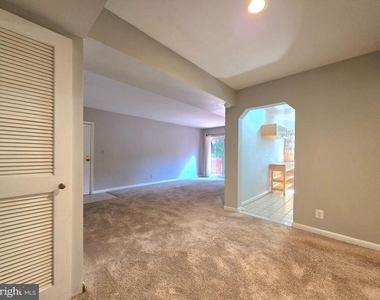 2704 Dartmouth Road - Photo Thumbnail 4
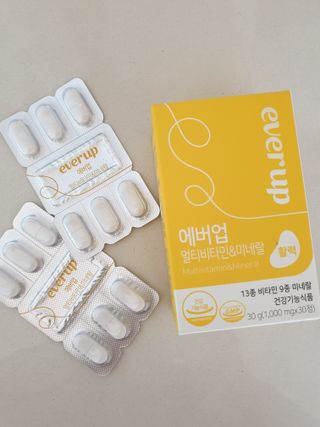 [몸엔용] 에버업 멀티비타민&미네랄, 눈건강 루테인 혈행건강 오메가3, 면역 프로바이오틱스 3종 택1 — 5점을 준 리뷰어가 2022년 4월 올린 사용 사진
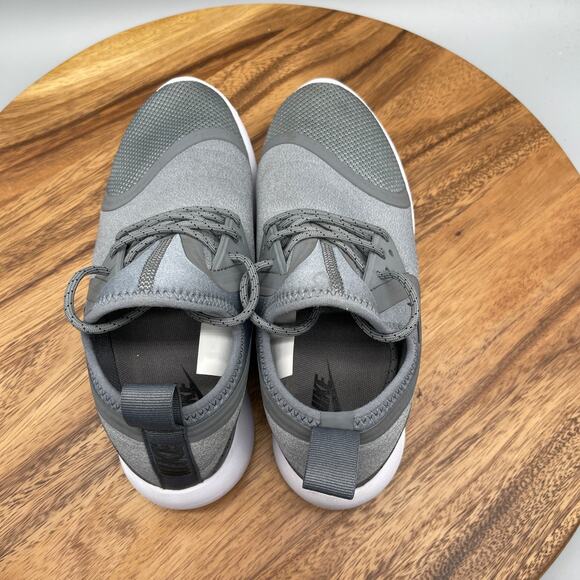 Nike LunarCharge Essential Wolf Shoes Womens Size 7.5 Gray Running Comfort Gym - Picture 5 of 8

|---|

## Exercise aim
Give every line of the listing above again, exactly, with no images.

## Written answer
 2704 Dartmouth Road - Photo Thumbnail 4
 [몸엔용] 에버업 멀티비타민&미네랄, 눈건강 루테인 혈행건강 오메가3, 면역 프로바이오틱스 3종 택1 — 5점을 준 리뷰어가 2022년 4월 올린 사용 사진
 Nike LunarCharge Essential Wolf Shoes Womens Size 7.5 Gray Running Comfort Gym - Picture 5 of 8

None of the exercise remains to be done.